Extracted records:
......

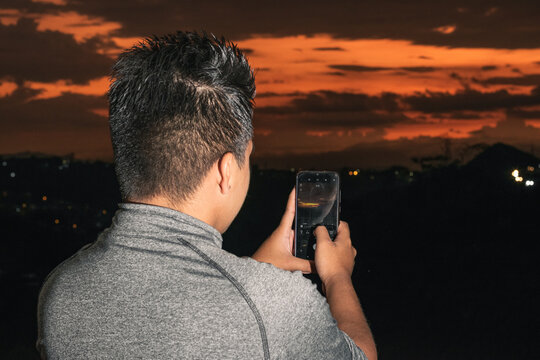 young latino man with brown skin, taking a picture with his cell phone of a beautiful sunset in the amazing south american mountains. student taking a picture for his thesis. education concept.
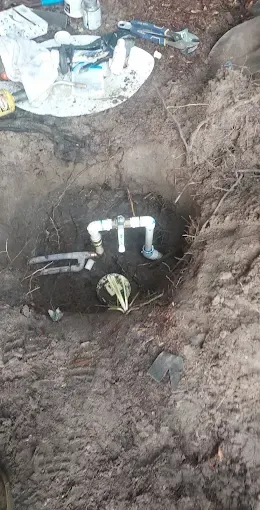 Excavated dirt pit with exposed black pipe and white fittings at the bottom.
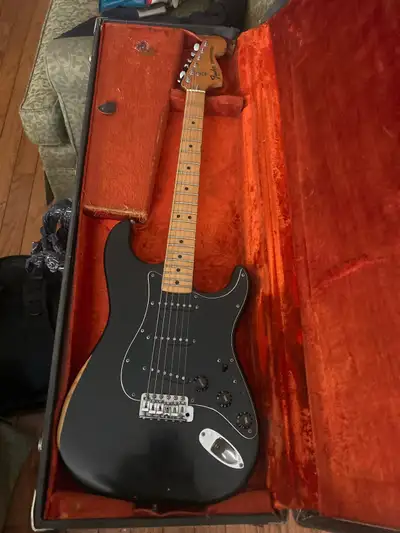 late-70s vintage instrument, often characterized by heavy ash or alder bodies, a large headstock wit...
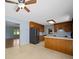 Open kitchen featuring wood cabinets, neutral countertops and stainless-steel appliances at 55 Dixie Dr, Taylorsville, NC 28681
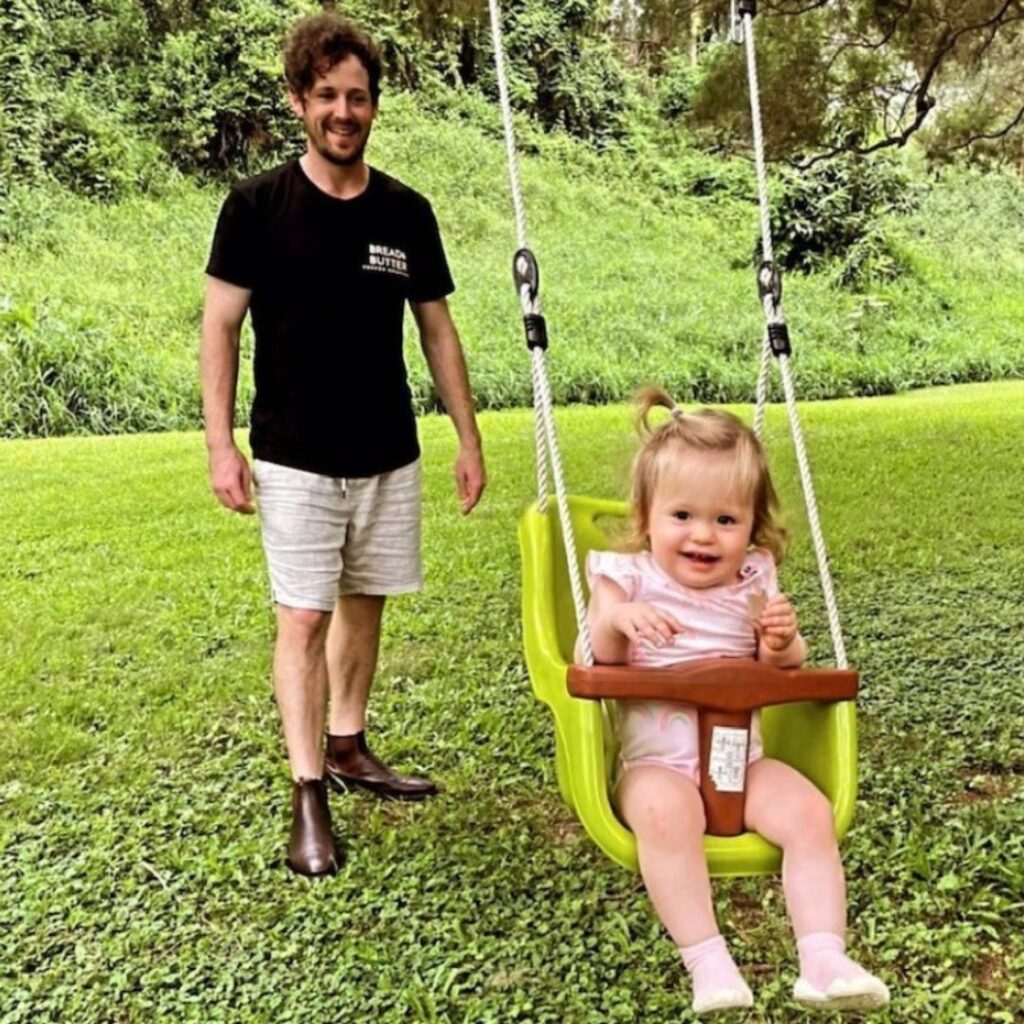 Lachy Wiggle Gillespie pushes one of his daughters on a swing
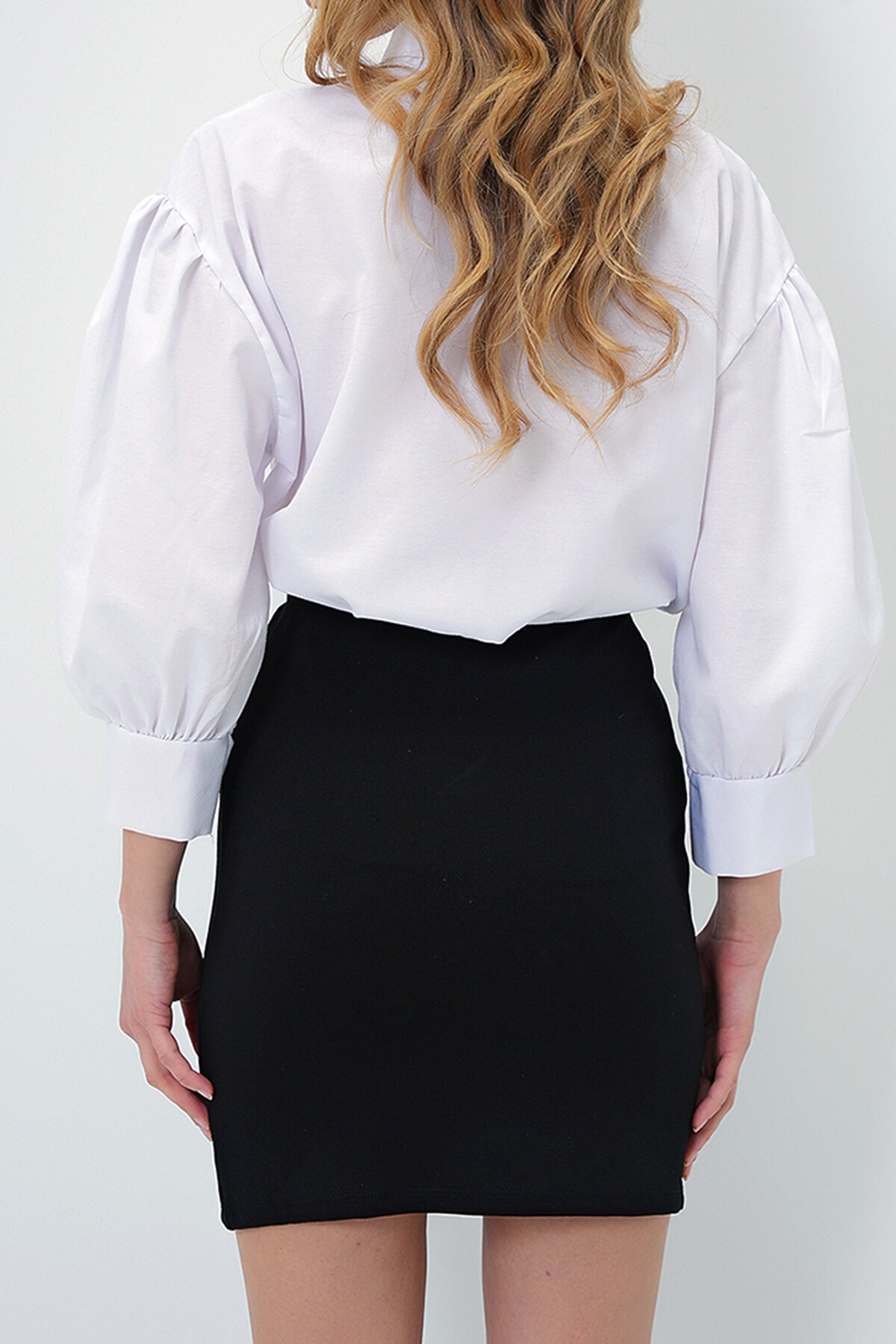 Siyah Çift Yırtmaçlı Likralı Örme Mini Etek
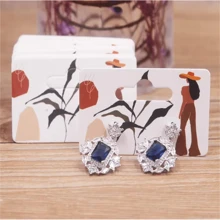 Paquete de 100 piezas de pendientes de gota con diseño de chica guiñando o chica tomando una foto, de 5,5 x 3,5 cm, con tarjeta de embalaje con diseño de patrones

......

• Task prompt:
Return every line above verbatim, pictures excluded.

• Result of this task:
 young latino man with brown skin, taking a picture with his cell phone of a beautiful sunset in the amazing south american mountains. student taking a picture for his thesis. education concept.
 Excavated dirt pit with exposed black pipe and white fittings at the bottom.
 late-70s vintage instrument, often characterized by heavy ash or alder bodies, a large headstock wit...
 Open kitchen featuring wood cabinets, neutral countertops and stainless-steel appliances at 55 Dixie Dr, Taylorsville, NC 28681
 Lachy Wiggle Gillespie pushes one of his daughters on a swing
 Siyah Çift Yırtmaçlı Likralı Örme Mini Etek
 Paquete de 100 piezas de pendientes de gota con diseño de chica guiñando o chica tomando una foto, de 5,5 x 3,5 cm, con tarjeta de embalaje con diseño de patrones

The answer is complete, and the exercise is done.